Edith Wolf (née Hunkeler, born 30 July 1972) is a Swiss former wheelchair racer, who competed in the T54 classification. Wolf competed at a range of distances from 400m to marathon length events and is a multiple World and Paralympic Games winner.  Wolf has also eight major marathon titles to her name having won the women's wheelchair race at the Berlin Marathon (2011), Boston Marathon (2002 and 2006) and New York Marathon (2004, 2005, 2007, 2008 and 2009).

Personal history
Hunkeler was in a car accident at age 22 which left her a paraplegic. She began wheelchair racing two years later.

Athletics career
At the 2004 Olympic Games, she finished 6th in the demonstration sport of Women's 800m wheelchair.
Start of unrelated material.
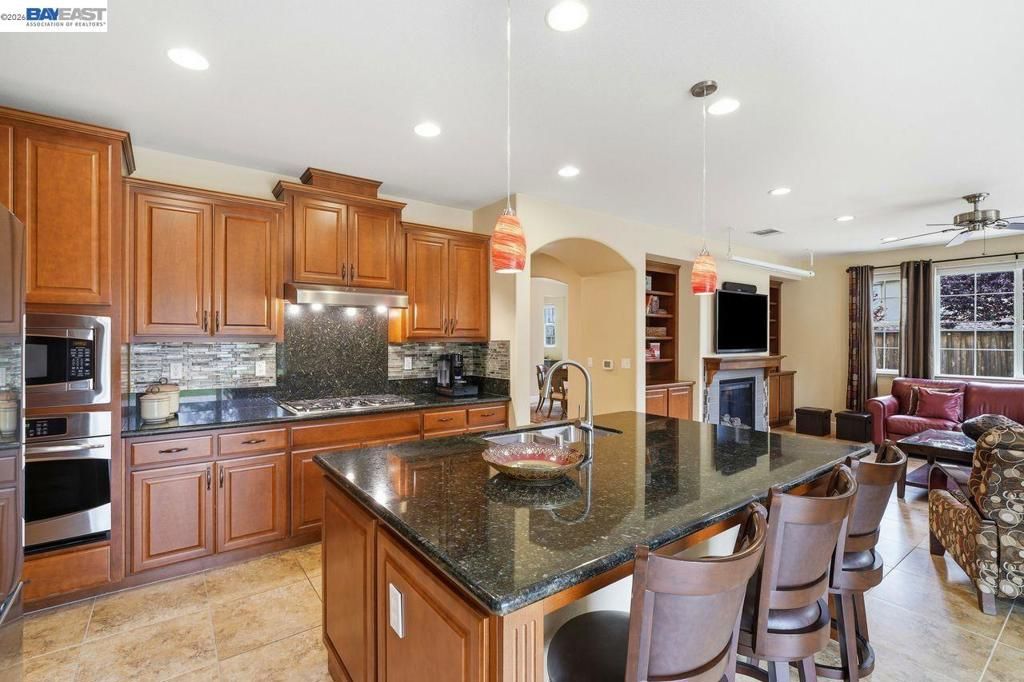 Image 16 of property listing at 2539 BRANDINI DRIVE, Dublin, CA 94568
She also participated in the 2004 Summer Paralympics, where she won a silver medal in both the 1500 metre and 5000 metre races. At the 2008 Paralympics, she took bronze in the 1500 metres and a gold in the marathon. She advanced to the finals of the 5000 metres, but crashed and caused a pile-up shortly before the end of the race. She broke her collarbone in the accident and was disqualified from participating in the re-run of the race.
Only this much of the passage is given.